■ DIRECTIONS: Repeat the data in full. Drop every picture.
=== Section Start ===
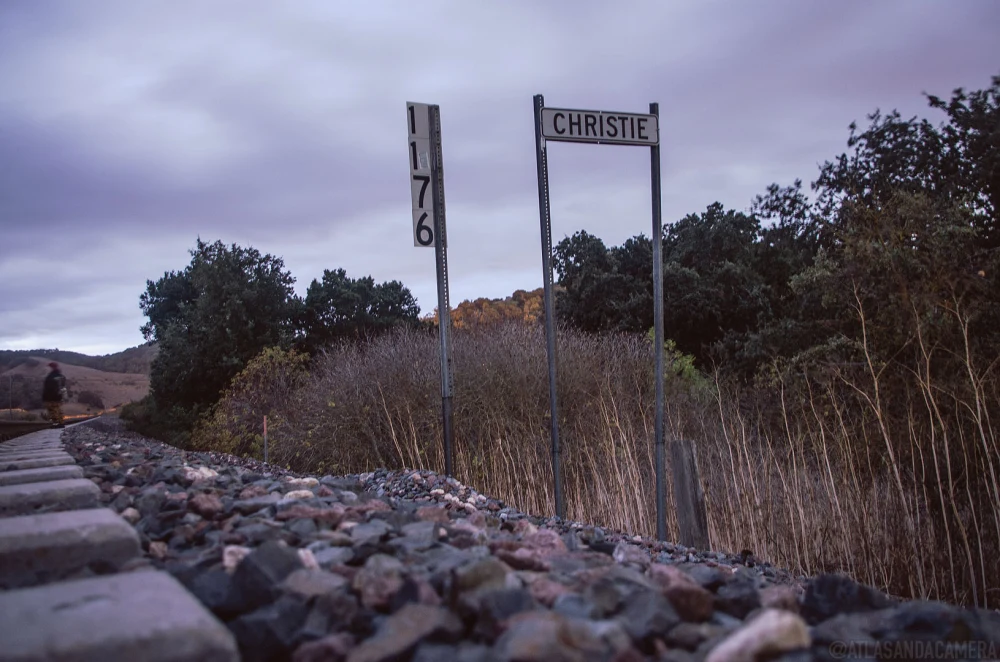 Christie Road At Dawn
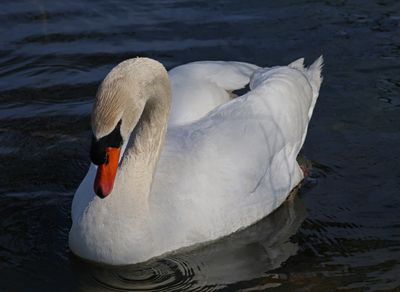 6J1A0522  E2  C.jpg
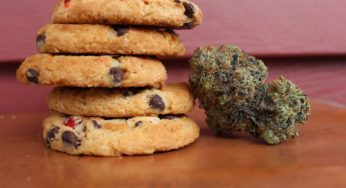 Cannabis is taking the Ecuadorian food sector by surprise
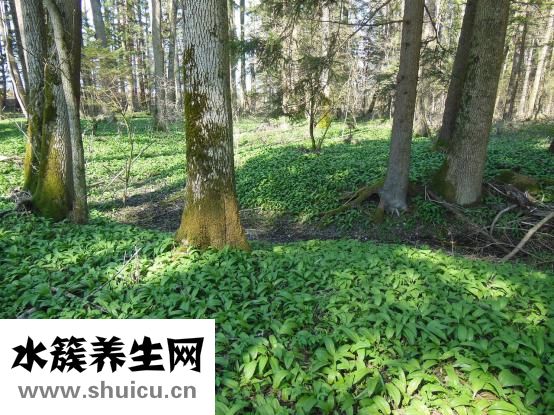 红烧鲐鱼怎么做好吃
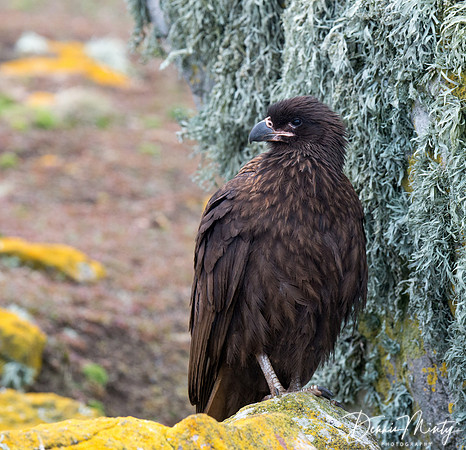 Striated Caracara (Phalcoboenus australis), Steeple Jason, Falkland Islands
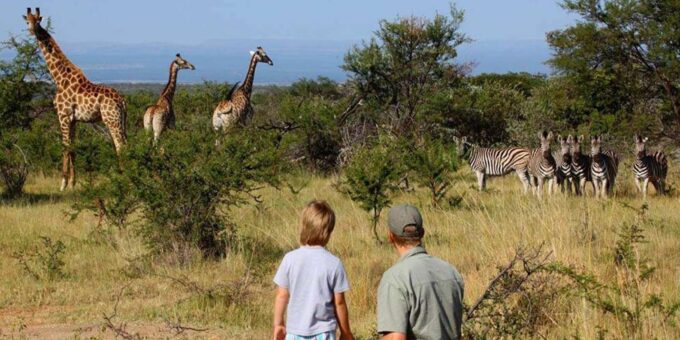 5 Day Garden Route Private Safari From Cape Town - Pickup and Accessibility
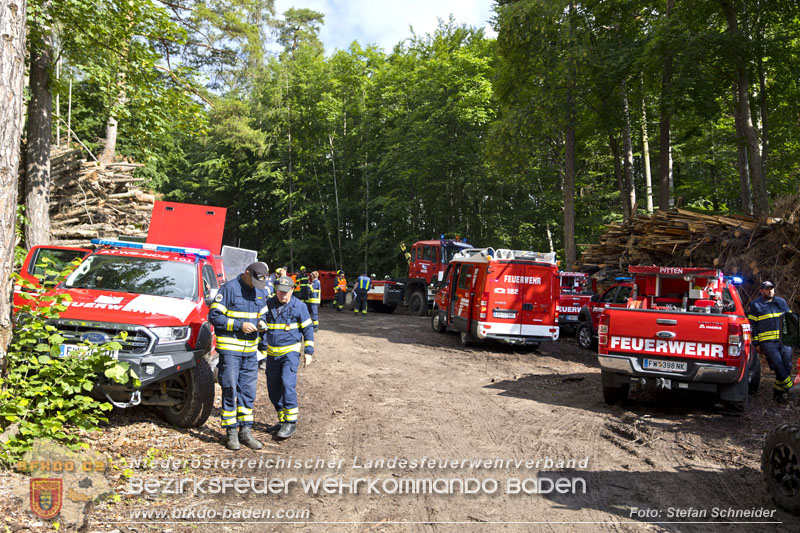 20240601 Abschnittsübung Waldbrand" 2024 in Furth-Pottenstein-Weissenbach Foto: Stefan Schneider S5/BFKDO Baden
=== Section End ===
■ ANSWER SECTION:
 Christie Road At Dawn
 6J1A0522  E2  C.jpg
 Cannabis is taking the Ecuadorian food sector by surprise
 红烧鲐鱼怎么做好吃
 Striated Caracara (Phalcoboenus australis), Steeple Jason, Falkland Islands
 5 Day Garden Route Private Safari From Cape Town - Pickup and Accessibility
 20240601 Abschnittsübung Waldbrand" 2024 in Furth-Pottenstein-Weissenbach Foto: Stefan Schneider S5/BFKDO Baden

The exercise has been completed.